VANCOUVER - Free salt has become a hot commodity in Vancouver as some residents clamour for more than their fair share of a limited supply intended to keep sidewalks safe during an unusually cold winter.
The city offered residents two buckets of salt at 10 fire halls on Wednesday, but that was scaled back to one small bucket after all the salt was gone within an hour and more had to be delivered.
Capt. Jonathan Gormick of Vancouver Fire and Rescue said residents cleared some fire halls of salt soon after it arrived on Tuesday night, when crowds got out of control at three fire halls.
"We had to get Vancouver police to respond and intervene, partly because of the sheer volume of people. Unfortunately, they had to intervene in a couple of incidents where people were starting to get physical and heated with each other."
One man showed up at a fire hall with a pickup truck and tried to load it with garbage bins he'd filled with salt, but firefighters strongly encouraged him from returning, Gormick said.
One online ad listed salt collected from a fire hall for sale for $50 and Gormick said the price went up to $80 according to someone he spoke with.
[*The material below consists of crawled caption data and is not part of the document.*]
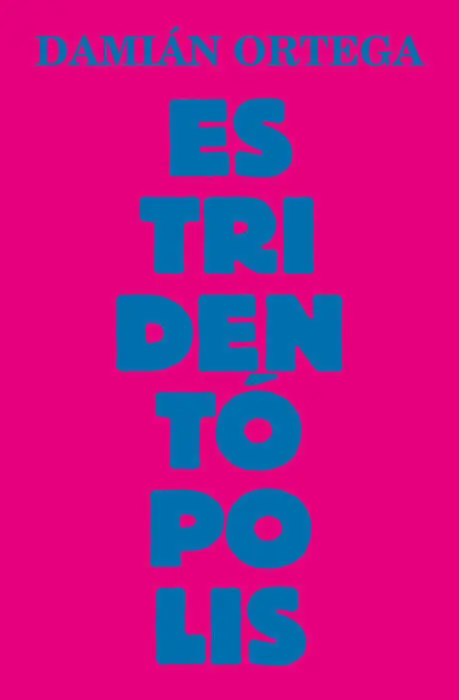 Estridentopolis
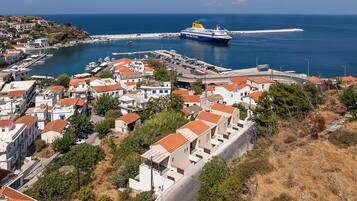 Apartment | 4 bedrooms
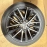 TOYOTA CAMRY 2021-2024 SE Wheel Alloy Rim 18Х8J & Tire 235/45/R18 OEM 1PCS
He called the whole affair "Salt-apocalypse."
Staff at fire halls were keeping an eye on the little inventory that remained after a second delivery Wednesday to ensure people "use their conscience" and don't go overboard with the free salt, Gormick said.
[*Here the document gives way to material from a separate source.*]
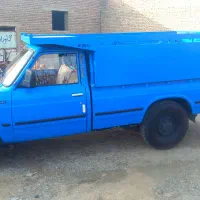 نیسان وانت مدل ۹۶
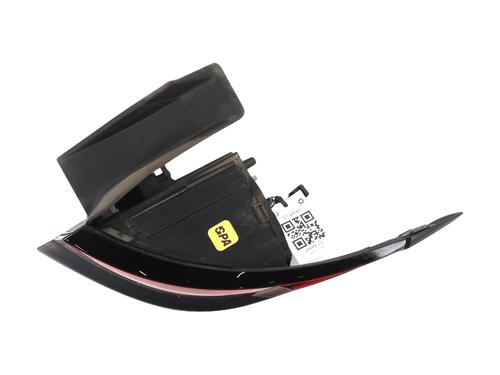 Used Right taillight DS DS 3 / DS 3 CROSSBACK (UR_, UC_, UJ_) 1.2 PureTech 130 (URHNSS) (131 hp) 31304188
Snow, followed by slush and falling temperatures turned streets into skating rinks, resulting in the high demand for salt.
"I don't remember a situation like this," Gormick said, noting some West Coast residents aren't prepared with even a shovel to deal with snow, let alone salt for ice.
"It may seem unrealistic to ask residents to keep a couple of bags of salt on hand for when it does snow, and a snow shovel, but it's not very costly to acquire a couple of bags of salt and keep it in the shed."
The city said more than 260 staff have been reassigned from other projects and about 150 are helping to salt and sand residential streets to protect people from falling on rock-hard ice, especially at higher elevations and around schools.
So far this winter, the city has gone through about 7,000 tonnes of salt, which is seven times the average amount used in each of the previous two winters.
It's also working with salt suppliers to ensure adequate reserves are available as the forecast calls for cold conditions to continue until mid-January, the city said in a release.
Plunging temperatures across British Columbia have had residents turning up the heat, leading to an all-time-high demand for electricity.
BC Hydro said that between 5 p.m. and 6 p.m. Tuesday, power consumption peaked at 10,126 megawatts, breaking a record from Nov. 29, 2006, when 10,113 megawatts were used during the same time period.
But the utility said the new record is expected to be shattered again later this week as frigid temperatures are forecast to continue.